Pero, ¿que otra cosa pueden hacer?
En octubre volverán al hospital porque la cosecha no se ha recolectado todavía y la despensa del año pasado ya se acabó hace tiempo. Las madres casi no han comido para poder alimentar, un poco al menos, al resto de la familia. Y, si las madres, no pueden dar leche para los pequeños, ya de por sí desnutridos... En octubre la situación de los pequeños será crítica.
La desnutrición en el Sahel es un fenómeno multifactorial, como en todos los lugares donde se da. La situación de pobreza extrema es la base de todo, la no existencia de nada que comer es una realidad cada día, una forma de vivir.

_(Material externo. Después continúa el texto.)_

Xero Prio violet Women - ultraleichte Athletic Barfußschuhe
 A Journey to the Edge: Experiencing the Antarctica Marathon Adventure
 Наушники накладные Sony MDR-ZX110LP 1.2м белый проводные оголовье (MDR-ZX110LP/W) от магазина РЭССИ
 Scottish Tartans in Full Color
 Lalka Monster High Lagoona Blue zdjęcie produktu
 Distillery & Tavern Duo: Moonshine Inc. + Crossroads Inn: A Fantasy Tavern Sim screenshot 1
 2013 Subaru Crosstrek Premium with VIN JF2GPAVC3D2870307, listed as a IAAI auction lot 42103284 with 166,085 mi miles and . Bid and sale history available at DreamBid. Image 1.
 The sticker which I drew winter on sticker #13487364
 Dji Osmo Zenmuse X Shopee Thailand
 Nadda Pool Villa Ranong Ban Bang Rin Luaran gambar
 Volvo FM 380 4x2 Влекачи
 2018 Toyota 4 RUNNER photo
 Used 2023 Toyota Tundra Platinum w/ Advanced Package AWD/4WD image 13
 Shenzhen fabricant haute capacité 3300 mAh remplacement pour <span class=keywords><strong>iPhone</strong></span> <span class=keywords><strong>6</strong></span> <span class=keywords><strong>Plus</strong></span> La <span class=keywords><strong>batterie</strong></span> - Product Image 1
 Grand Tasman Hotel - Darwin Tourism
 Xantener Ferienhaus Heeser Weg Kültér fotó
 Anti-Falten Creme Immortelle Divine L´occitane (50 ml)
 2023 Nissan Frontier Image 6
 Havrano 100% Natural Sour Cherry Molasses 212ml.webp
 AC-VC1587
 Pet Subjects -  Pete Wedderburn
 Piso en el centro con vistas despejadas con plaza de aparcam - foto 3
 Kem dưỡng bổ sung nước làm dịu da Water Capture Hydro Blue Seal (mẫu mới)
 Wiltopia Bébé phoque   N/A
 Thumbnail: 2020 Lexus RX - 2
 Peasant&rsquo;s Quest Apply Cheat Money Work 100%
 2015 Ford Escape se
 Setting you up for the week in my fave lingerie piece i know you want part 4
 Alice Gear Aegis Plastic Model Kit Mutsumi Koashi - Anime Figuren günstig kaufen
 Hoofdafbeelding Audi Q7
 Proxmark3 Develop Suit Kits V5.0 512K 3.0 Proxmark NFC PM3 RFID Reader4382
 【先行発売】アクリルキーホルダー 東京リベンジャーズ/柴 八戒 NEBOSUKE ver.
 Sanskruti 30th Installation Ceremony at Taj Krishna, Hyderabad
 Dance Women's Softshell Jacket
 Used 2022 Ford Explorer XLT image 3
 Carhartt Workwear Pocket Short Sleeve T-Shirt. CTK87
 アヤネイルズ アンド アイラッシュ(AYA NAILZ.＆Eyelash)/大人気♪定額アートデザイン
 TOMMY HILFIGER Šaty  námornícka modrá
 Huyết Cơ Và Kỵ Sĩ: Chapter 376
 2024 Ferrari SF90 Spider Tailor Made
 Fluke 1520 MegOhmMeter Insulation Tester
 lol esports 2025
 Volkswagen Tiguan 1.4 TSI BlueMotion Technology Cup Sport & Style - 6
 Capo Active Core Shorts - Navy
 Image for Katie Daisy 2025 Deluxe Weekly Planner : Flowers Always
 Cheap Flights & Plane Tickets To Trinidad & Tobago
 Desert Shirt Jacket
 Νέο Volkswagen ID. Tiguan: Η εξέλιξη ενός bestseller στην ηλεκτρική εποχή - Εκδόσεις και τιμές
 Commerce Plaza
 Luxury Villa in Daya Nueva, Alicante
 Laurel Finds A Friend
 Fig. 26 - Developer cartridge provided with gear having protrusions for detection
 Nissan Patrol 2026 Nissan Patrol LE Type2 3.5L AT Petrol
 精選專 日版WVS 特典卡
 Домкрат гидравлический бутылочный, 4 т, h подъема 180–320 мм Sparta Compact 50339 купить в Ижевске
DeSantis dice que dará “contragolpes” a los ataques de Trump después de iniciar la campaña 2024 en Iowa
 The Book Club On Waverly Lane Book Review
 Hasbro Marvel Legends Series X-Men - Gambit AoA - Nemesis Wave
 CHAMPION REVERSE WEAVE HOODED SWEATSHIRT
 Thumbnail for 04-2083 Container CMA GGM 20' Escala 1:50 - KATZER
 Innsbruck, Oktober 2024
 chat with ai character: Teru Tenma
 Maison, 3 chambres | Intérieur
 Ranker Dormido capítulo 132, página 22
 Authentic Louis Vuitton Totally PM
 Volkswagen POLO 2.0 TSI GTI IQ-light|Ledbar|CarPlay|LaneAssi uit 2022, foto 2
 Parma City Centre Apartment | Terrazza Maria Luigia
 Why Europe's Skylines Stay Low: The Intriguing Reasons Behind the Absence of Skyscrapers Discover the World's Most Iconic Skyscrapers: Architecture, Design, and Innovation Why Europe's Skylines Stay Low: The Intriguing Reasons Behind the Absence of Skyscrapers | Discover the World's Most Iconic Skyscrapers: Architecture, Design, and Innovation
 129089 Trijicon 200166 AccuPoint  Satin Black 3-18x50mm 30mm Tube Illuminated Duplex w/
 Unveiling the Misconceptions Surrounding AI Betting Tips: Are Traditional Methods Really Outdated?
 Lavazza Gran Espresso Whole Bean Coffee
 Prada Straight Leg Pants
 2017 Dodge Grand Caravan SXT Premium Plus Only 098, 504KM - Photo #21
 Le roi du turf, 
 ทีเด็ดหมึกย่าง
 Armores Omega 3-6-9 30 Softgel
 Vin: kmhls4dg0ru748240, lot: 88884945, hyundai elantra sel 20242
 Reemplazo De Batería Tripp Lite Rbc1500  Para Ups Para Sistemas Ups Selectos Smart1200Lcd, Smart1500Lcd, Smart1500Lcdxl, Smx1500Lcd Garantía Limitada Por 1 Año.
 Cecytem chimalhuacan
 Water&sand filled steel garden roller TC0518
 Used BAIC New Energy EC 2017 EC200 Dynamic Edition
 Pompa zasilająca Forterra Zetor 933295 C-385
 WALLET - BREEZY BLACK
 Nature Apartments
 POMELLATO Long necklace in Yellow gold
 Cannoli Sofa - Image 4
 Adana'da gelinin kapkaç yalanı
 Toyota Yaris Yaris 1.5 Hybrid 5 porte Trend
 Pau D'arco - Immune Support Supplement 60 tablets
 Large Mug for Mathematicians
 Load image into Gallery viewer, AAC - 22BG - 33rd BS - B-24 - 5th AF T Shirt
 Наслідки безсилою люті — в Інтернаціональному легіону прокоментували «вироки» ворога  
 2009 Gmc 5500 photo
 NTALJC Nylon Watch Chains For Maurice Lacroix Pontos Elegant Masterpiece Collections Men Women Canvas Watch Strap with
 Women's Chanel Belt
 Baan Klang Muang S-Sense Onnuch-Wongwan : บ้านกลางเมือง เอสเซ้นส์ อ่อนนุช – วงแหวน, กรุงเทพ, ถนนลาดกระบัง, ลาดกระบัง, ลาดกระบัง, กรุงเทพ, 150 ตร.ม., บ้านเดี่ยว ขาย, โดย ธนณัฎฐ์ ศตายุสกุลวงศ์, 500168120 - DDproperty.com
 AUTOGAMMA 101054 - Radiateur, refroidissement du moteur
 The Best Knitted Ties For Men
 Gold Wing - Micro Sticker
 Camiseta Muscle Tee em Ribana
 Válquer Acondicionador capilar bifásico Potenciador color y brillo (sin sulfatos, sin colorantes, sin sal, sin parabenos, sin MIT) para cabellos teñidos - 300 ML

En una región donde el cambio climático está haciendo estragos, las cosechas son cada vez más escasas, la agricultura no es una prioridad para el gobierno, el sistema de salud es débil, las grandes corporaciones mineras de las potencias extranjeras expolian hasta el último gramo de oro y uranio, la especulación de las grandes corporaciones que controlan los alimentos de primera necesidad no tiene límites…
¿Qué puede hacer ante esto una mujer Peul? ¿dos mujeres Peul? ¿todas las mujeres Peul? ¿todos los hombres, mujeres y niños Peul?
Es difícil contener la indignación que uno siente al ver cómo Yunwa señorea al pie de grandes minas de oro gestionadas por multinacionales de una determinada nacionalidad, que pertenecen a una corporación de otra nacionalidad distinta, que tienen su sede en un tercer país…
Es difícil contener la indignación cuando buscamos la obra social que realizan dichas empresas y encontramos que fomentan la construcción de instalaciones deportivas en los países ricos del norte en los que están registradas.
Y allí estaba Fatima, la abuela de Tamini, de 8 meses nada más. Y también había dos enfermeras trabajando en una mesa. Fatima estaba de pié, al lado de Tamini, y Tamini estaba totalmente envuelta en una de esas bonitas telas de colores porque acababa de morir, todavía no hacía una hora que había ingresado en el hospital.
La abuela miraba a las enfermeras sin decir nada, esperando que hicieran algo más de lo que habían hecho ya ¡o que le dijeran que solo estaba durmiendo! Las enfermeras hacían como si estuvieran concentradas en algo encima de la mesa: impotentes, tristes, tragando saliva, incapaces de dar una respuesta a la abuela ¡Yunwa había ganado otra vez!
Tamini, envuelta en su tela, con toda su dignidad. ¡Todas con toda su dignidad! Nadie dijo nada, no hacía falta decir nada.
Después de media hora la abuela solo llegaba a balbucear en francés. “Tres días nada más…”. Tres días desde que Tamini se puso malita hasta que llegó al hospital.
¡Tenía que pasar! Las estadísticas lo decían. Tamini forma parte de ese tributo del 3% de niños que mueren antes de 48 horas tras ser ingresados. Es el inevitable impuesto que hay que pagar a Yunwa, el coste del expolio, de la especulación alimentaria, de la inacción de todos.